Agents-K1: Towards Agent-native Knowledge Orchestration is a framework designed to transform raw scientific papers into structured, "agent-native" knowledge graphs. While existing research agents often rely on simple summaries or flat citation lists, this project aims to provide a more robust infrastructure that captures the full depth of scientific literature—including figures, tables, equations, and complex relationships between claims and methods. By doing so, it enables AI research agents to perform more reliable, traceable, and evidence-based reasoning.
Moving Beyond Abstracts
Current research agents often struggle because they treat scientific papers as simple text files, frequently ignoring the critical data buried in non-textual elements. Agents-K1 addresses this by using a multimodal parser that treats text, figures, tables, and equations as interconnected evidence. Instead of just noting that one paper cites another, the system identifies the specific intent behind that citation—such as whether a paper is extending a method, challenging a claim, or simply using a baseline. This creates a rich, navigable map of scientific knowledge rather than a collection of isolated documents.
A Three-Part Pipeline
The framework is built on three core components that work together to turn raw documents into actionable intelligence:
Multimodal Parsing: The system decomposes papers into content units and uses "semantic anchors" to bridge different types of information. This allows the agent to connect a specific table or equation to the textual claims that support or explain it.

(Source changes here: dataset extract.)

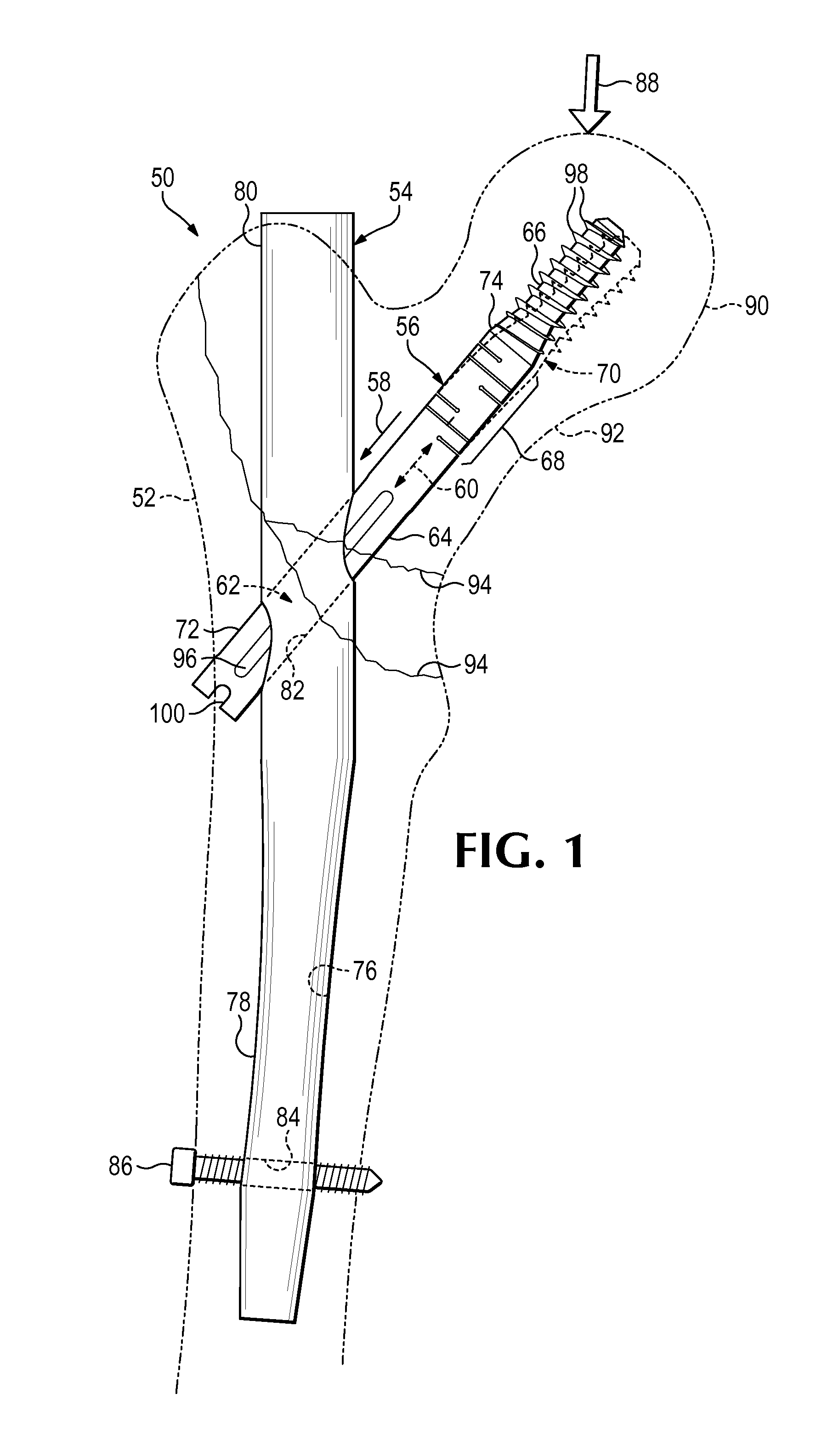 Hip fixation system with a compliant fixation element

Extraction Backbone: The team developed a 4B-parameter model trained using reinforcement learning (GRPO) to ensure that the extracted data is accurate, valid, and structured. This model is designed to be efficient and adaptable to different domains.
GraphAnything CLI: This interface acts as the "bridge" for AI agents. It unifies web search, graph retrieval, and cross-document traversal, allowing an agent to move through the knowledge graph to verify facts, compare research methods, and synthesize new ideas.
Large-Scale Knowledge Construction
To demonstrate the power of this approach, the authors processed 2.46 million scientific papers across six disciplines, including computer science, biology, and physics. This resulted in the creation of "Scholar-KG," a massive knowledge graph that organizes entities, claims, and method lineages. A one-million-paper subset of this data has been released for community research, and the underlying pipeline is flexible enough to be applied to other document collections beyond scientific literature.
Impact on Research Reasoning
Experiments show that Agents-K1 significantly improves the performance of research agents. By providing a structured, verifiable knowledge base, the system helps agents avoid the "blind spots" common in text-only retrieval. For example, the framework demonstrated substantial gains in accuracy for complex multi-hop reasoning tasks and research-oriented benchmarks, proving that when agents have access to a well-organized map of scientific evidence, they can produce more grounded and reliable research outcomes.